## WHAT YOU WILL DO
Nothing but the lines from the top of the following entries through the line with "Fauteuil Mid-Century Scandinave" should be printed, exactly as they are.

Short descriptive text snippets:
______

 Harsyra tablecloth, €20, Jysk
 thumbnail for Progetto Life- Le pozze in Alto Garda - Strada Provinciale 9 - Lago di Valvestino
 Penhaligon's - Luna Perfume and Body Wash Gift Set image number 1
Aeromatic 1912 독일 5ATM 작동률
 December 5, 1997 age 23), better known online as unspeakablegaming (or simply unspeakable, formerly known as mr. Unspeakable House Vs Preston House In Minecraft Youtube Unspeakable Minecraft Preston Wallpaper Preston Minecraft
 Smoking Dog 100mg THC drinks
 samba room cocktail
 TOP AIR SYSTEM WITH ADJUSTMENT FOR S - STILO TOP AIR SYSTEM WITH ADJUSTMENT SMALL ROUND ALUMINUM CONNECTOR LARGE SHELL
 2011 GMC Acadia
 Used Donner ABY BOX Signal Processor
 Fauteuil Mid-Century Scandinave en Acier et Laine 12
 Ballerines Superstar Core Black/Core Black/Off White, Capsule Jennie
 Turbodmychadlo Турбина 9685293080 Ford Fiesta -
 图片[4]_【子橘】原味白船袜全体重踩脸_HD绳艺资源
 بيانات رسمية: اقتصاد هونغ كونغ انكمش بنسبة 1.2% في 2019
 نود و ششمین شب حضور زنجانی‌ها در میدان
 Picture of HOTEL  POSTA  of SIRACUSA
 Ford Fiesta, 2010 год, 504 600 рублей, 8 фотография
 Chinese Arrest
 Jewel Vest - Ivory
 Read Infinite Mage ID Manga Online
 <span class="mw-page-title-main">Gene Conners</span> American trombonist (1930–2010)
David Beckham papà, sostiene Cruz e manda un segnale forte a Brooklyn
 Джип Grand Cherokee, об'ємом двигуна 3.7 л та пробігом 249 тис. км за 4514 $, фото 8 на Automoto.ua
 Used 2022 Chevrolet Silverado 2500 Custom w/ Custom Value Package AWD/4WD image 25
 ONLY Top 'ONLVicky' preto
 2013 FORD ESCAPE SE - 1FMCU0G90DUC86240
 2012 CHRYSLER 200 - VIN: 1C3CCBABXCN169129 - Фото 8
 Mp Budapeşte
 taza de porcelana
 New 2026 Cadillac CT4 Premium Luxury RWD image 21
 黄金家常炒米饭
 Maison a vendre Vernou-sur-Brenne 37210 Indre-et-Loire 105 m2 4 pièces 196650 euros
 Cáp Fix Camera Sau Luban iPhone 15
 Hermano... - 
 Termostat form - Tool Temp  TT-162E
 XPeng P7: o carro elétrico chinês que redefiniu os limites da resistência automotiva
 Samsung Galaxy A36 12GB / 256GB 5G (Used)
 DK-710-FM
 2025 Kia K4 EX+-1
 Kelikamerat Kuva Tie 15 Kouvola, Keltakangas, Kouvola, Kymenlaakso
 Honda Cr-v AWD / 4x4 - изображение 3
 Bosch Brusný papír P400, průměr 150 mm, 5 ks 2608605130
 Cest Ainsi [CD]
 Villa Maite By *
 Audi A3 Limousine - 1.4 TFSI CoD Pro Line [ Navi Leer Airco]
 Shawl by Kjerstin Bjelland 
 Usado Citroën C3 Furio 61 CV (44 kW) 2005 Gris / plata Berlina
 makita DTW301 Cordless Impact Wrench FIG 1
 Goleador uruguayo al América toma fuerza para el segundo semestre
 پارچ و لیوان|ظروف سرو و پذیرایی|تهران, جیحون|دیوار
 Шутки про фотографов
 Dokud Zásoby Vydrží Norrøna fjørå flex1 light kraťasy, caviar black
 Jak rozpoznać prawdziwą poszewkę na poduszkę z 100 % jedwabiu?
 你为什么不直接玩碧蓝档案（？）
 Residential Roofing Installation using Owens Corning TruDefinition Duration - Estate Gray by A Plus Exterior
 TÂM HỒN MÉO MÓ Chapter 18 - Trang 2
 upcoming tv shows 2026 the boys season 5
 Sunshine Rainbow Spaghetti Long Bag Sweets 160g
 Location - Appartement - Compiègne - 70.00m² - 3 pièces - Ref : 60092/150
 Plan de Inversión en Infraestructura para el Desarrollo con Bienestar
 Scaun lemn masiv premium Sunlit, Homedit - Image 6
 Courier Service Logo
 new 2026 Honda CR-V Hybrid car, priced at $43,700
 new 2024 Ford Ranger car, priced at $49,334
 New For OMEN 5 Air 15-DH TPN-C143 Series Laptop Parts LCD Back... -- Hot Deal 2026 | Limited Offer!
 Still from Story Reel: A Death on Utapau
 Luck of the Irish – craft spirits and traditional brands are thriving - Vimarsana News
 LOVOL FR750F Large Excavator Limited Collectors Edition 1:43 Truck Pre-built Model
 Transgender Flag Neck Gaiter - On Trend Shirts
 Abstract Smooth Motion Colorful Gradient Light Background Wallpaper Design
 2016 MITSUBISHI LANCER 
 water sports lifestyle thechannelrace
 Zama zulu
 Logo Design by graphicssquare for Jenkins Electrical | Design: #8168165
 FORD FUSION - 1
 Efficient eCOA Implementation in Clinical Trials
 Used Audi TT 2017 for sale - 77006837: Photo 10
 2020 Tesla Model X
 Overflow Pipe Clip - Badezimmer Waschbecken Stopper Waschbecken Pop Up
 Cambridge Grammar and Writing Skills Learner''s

______

## WRITTEN ANSWER
 Harsyra tablecloth, €20, Jysk
 thumbnail for Progetto Life- Le pozze in Alto Garda - Strada Provinciale 9 - Lago di Valvestino
 Penhaligon's - Luna Perfume and Body Wash Gift Set image number 1
Aeromatic 1912 독일 5ATM 작동률
 December 5, 1997 age 23), better known online as unspeakablegaming (or simply unspeakable, formerly known as mr. Unspeakable House Vs Preston House In Minecraft Youtube Unspeakable Minecraft Preston Wallpaper Preston Minecraft
 Smoking Dog 100mg THC drinks
 samba room cocktail
 TOP AIR SYSTEM WITH ADJUSTMENT FOR S - STILO TOP AIR SYSTEM WITH ADJUSTMENT SMALL ROUND ALUMINUM CONNECTOR LARGE SHELL
 2011 GMC Acadia
 Used Donner ABY BOX Signal Processor
 Fauteuil Mid-Century Scandinave en Acier et Laine 12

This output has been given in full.